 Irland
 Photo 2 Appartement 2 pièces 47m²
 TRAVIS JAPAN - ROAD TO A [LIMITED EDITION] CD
■ ■ ■ ■ ■
§ What needs to be done
Each line of the data must be retyped exactly as written.

§ Written answer
 Irland
 Photo 2 Appartement 2 pièces 47m²
 TRAVIS JAPAN - ROAD TO A [LIMITED EDITION] CD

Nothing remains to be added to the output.